There is a scene - a fictional scene, of course - in Ron Howard’s wonderful 1994 film “The Paper” that has been rendered quaint by subsequent developments in journalism.
Set in the newsroom of a big-city daily over a single 24-hour period, the film’s main story arc concerns the murder of a couple of white businessmen - and the arrest of two young black suspects.
As the paper’s reporters chase the story, details are difficult to come by, facts tough to nail down - and deadline looms as the hours go by.
When the paper’s managing editor wants to run an article parroting city hall’s line regarding the suspects - a line the staff knows is likely false - the metro editor (Michael Keaton) pushes back:
“This is a story that could permanently alter the public's perception of two teenagers who might be innocent, and as a weekend bonus, ignite another race war. How about that? Think about this.”
Today, in far too many newsrooms, that kind of common-sense attitude toward reporting is no longer practiced - at either newspapers or television networks (and don’t get me started on online sites).
Over and over again, we see the media race straight into character assassination with no thought about their responsibilities - not only to the truth, but to the lives of the people they cover.
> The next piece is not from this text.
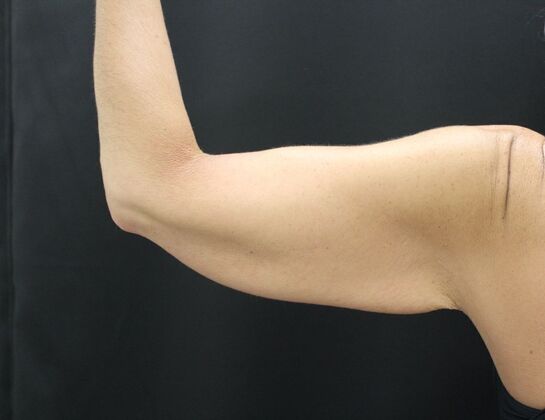 Arm Lift: Case 17 - Before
Back in the film, the lead metro columnist (played by Randy Quaid) makes the salient point: “As far as I can remember we never ever, ever knowingly got a story wrong, until tonight.”
Well.
In the years since, the list of blatantly false news stories, of stories that either were known to have been false or with a minimum investment of professional effort would have been known to have been false, is too long to list. But even a digest version is as sobering as it is depressing:
1996 Atlanta Olympic bombing
2006 Duke lacrosse team
2014 Rolling Stone University of Virginia rape hoax
2016 Oberlin College bakery case
2019 Teenager falsely accused of taunting Native American
2021 Colorado Rockies racist taunt that never happened
2022 BYU volleyball team racist taunt that never happened
And that doesn’t even get into the political reporting, where a sizable portion (perhaps a majority) of supposed “journalists” have planted their flag firmly in one political camp or another, and declared that “truth” is more important than mere facts.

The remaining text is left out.